Around the same time, when the literature of the American beat generation was crossing the Atlantic, it was Bourgois who courageously brought the voices of Ginsberg (Kaddish, 1967) and Burroughs (La Machine Molle/Soft Machine, 1968) to French readers. His most controversial decision was to publish The Satanic Verses (1989) by Rushdie, despite fatwa threats to the life of the author and those who translated and published the book in other countries.

Between 1968 and 1992, Bourgois published around 1,500 titles under the 10/18 paperback imprint, including some 500 completely new works. Following a disagreement with company management in 1992, he set up independently once again, this time with his second wife, Dominique. He continued to attract new and established names, including British authors such as Amis and Kureishi. In recent years a group of 21 books by and about J.R.R. Tolkien, including The Lord of the Rings, have been stars of the Bourgois catalogue. Dominique Bourgois will continue to run the publishing house and look after the catalogue of books which represents Christian Bourgois's legacy to the literary world.

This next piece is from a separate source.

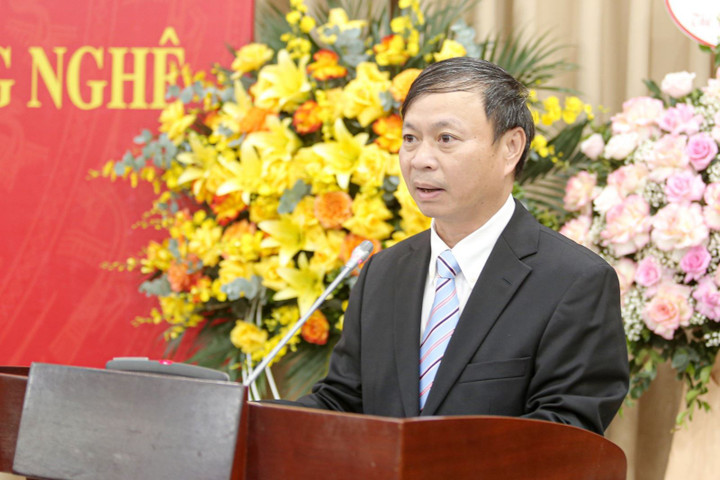 Tân Thứ trưởng Hoàng Minh phát biểu nhận nhiệm vụ. (Ảnh: Bộ Khoa học và Công nghệ).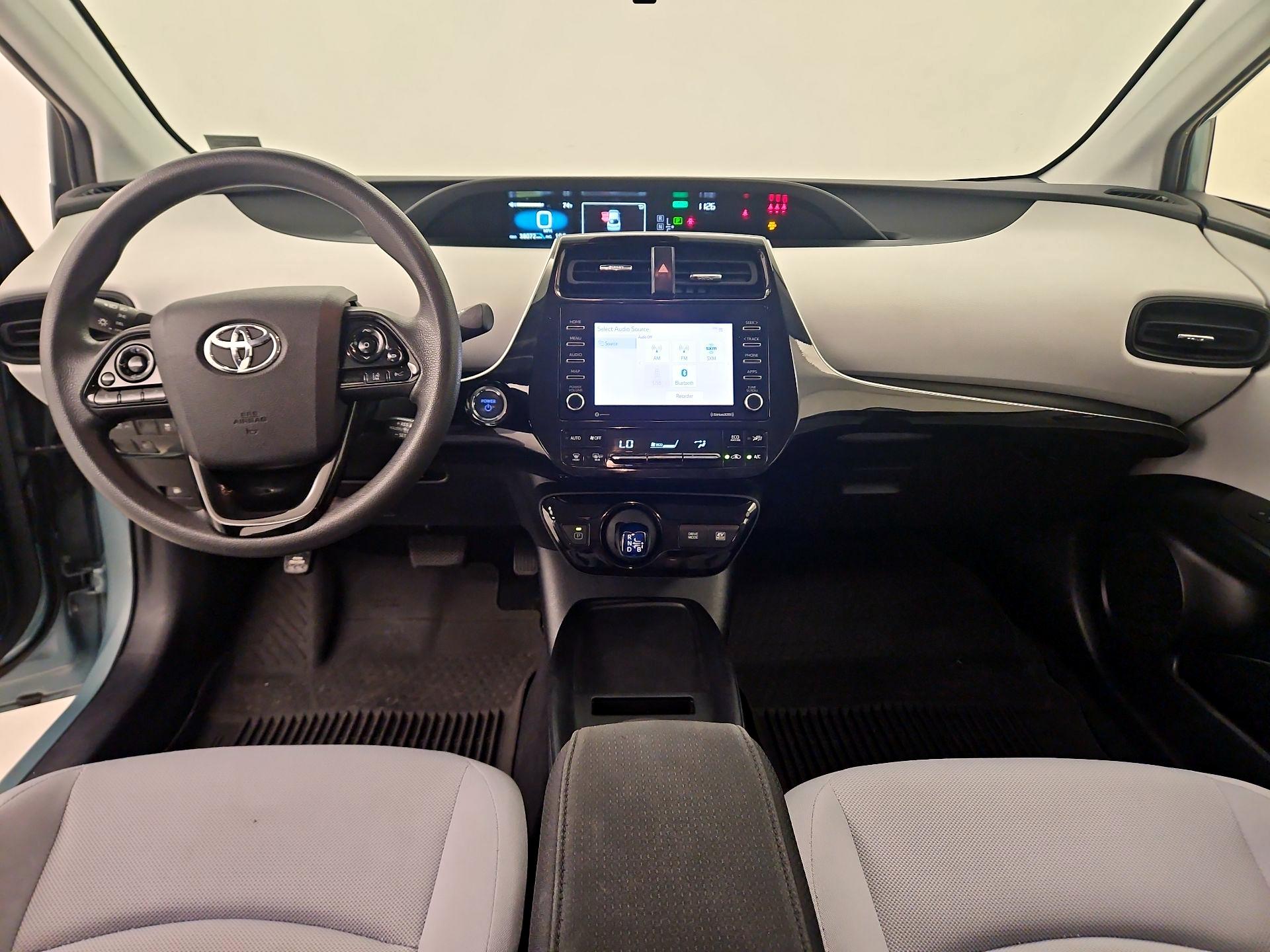 Thumbnail: 2022 Toyota Prius - 9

In December 2005, a two-month exhibition opened at the Pompidou Centre in Paris, titled "40 ans d'édition", which celebrated Bourgois's 40 years of publishing and highlighted the French and foreign authors he had discovered. Asked about his successes, he replied with characteristic modesty: "I simply knew how to use the opportunities and chances which were offered to me and to listen to advice."